Lewandowski’s first Bundesliga goal this season was from a penalty, as were seven more, including the one to equal Mueller’s record. The momentous occasion — only he and Pierre-Emerick Aubameyang got over 30 goals in the past 40 seasons of Bundesliga – was marked by Lewandowski lifting his shirt to reveal a photograph of Gerd Mueller captioned ‘Gerd4Ever’.

“The way Robert Lewandowski did it this season, so much respect. Always talking about his idol Gerd Mueller, the inspiration Gerd Mueller gives him. Hopefully, he will go on for a couple of more years and challenge his own record,” Juergen Klinsmann, the former Germany captain and coach, told ESPN. In 2020-21, Lewandowski got 48 goals in 40 games and is now only 88 short of Gerd Mueller’s 365 league goals.

Between the first and the 41st, Lewandowski scored every kind of striker’s goal. There were those where he would steal away from his marker to find a pocket of space; shots from range; shots from inside the 18-yard box often with no backlift but unerring in placement and accuracy; headers and goals with assists from Thomas Mueller (he had 21 all season).

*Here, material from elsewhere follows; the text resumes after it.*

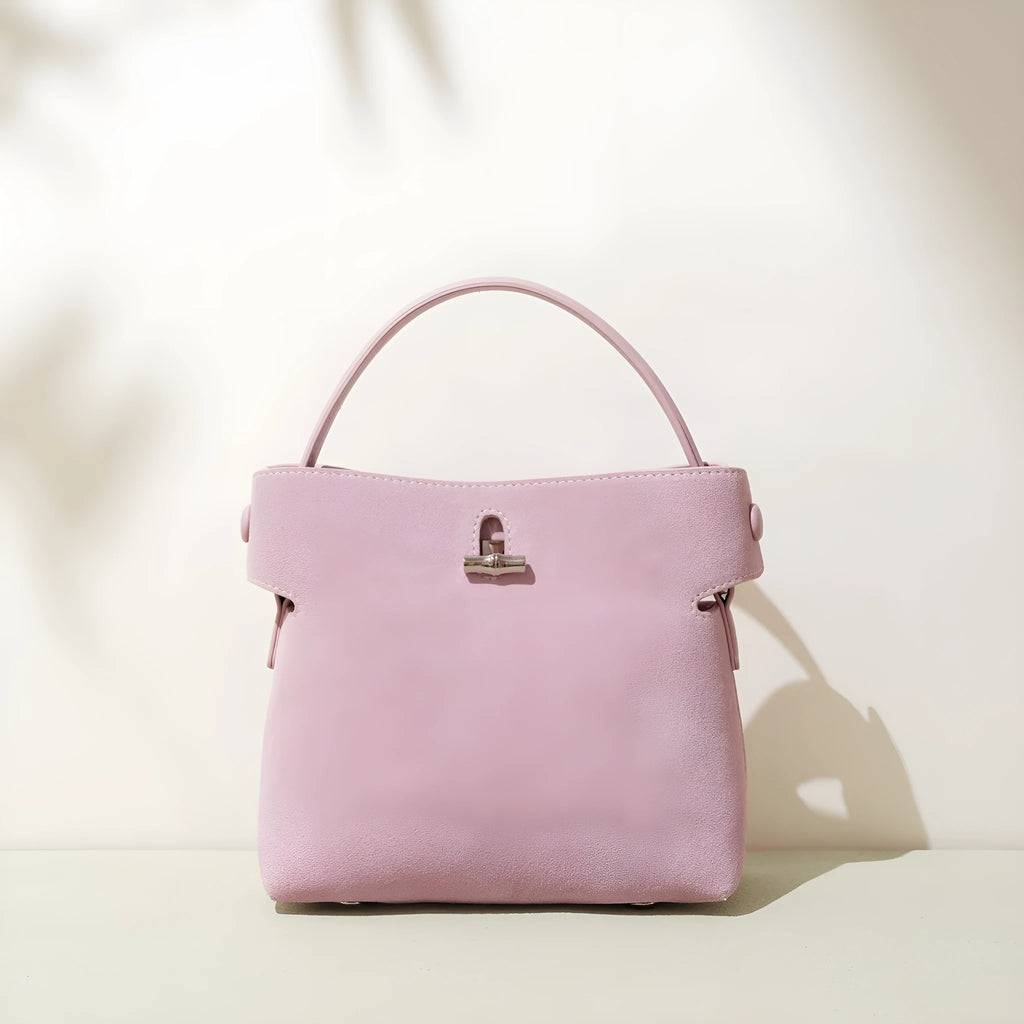 Women's mini Korean-style simple messenger bag in two-layer matte cowhide, bucket shape with lock opening, internal compartments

“They are feeding him the right way,” said Klinsmann after pointing out that Lewandowski had scored nearly half of Bayern’s 99 Bundesliga goals.

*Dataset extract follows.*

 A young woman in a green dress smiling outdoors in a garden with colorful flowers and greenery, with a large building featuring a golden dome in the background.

Lewandowski has been scoring goals all his life: at Poland’s third division club Znicz Priszkow, at Lech Poznan, at Borussia Dortmund where he said Juergen Klopp made him the player he is — using him first as a No. 10 before moving him up — for Poland and at Bayern. Getting by as well as he does without a striker, Pep Guardiola is not known for his fondness for a traditional No. 9. But it didn’t deter Lewandowski when he joined Bayern in 2014. “I am not a classical centre-forward. I am good at attacking from the side for instance,” he was quoted as saying in a podcast by football magazine ‘The Blizzard’. Revisit the 2015-16 Bundesliga game against Wolfsburg where Lewandowski scored five goals between the 51st and the 60th minutes and you will see Guardiola holding his head, looking incredulous. “I can’t believe it as player or coach,” Guardiola, by then won over by Lewandowski’s work ethic, said after the game.

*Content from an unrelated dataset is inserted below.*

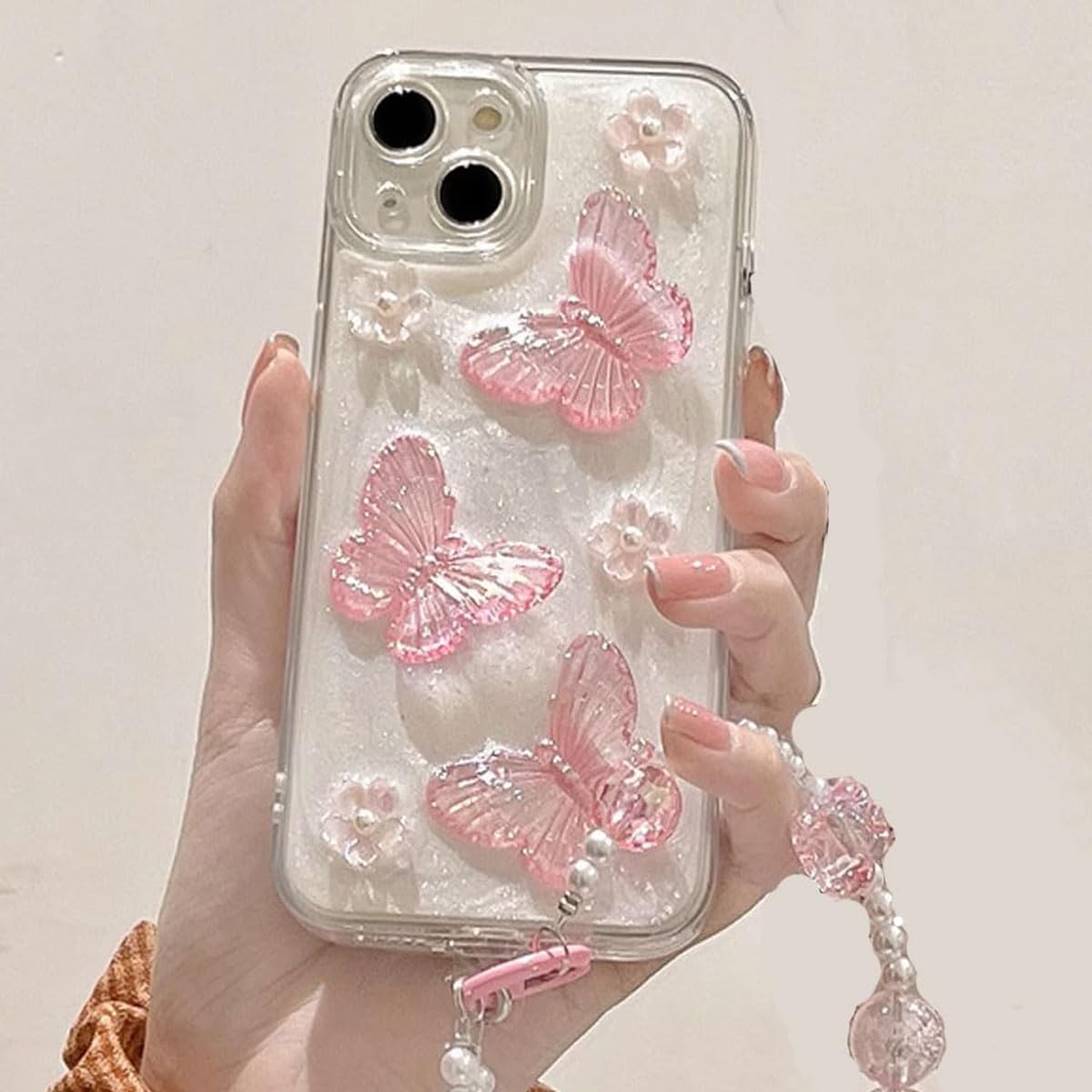 Changjia Funda protectora para iPhone con diseño de mariposa con purpurina en 3D, con perlas de cristal y correa para la muñeca, estética, suave, TPU, para mujeres y niñas (rosa)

But to get better with age needs tremendous focus and hunger, said Klinsmann. “He is never satisfied…this hunger drives him week in week out. Also (he is) always a team player. He comes back, he helps out when the opponent team has a corner-kick and he is again running up.” Proof of what Klinsmann said came in Bayern’s first game of the season in the form of an assist for Thomas Mueller; Lewandowski executing the perfect Rabona, swinging his right leg across from behind his left. He had eight more assists in the season.

Named Robert because his father Krysztof thought an internationally accepted name would help his career, the powerfully built Lewandowski has stayed remarkably injury free. Part of that he attributes to the diet planned by wife Anna, a karate champion, whom he met at Warsaw’s academy for physical education, the same institution his parents met some 20 years prior.

“I just wish that he gets a huge achievement with the Polish national team. Maybe this will happen this summer in the Euros. A player of his charisma, his standing, you wish the biggest success with the national team,” said Klinsmann.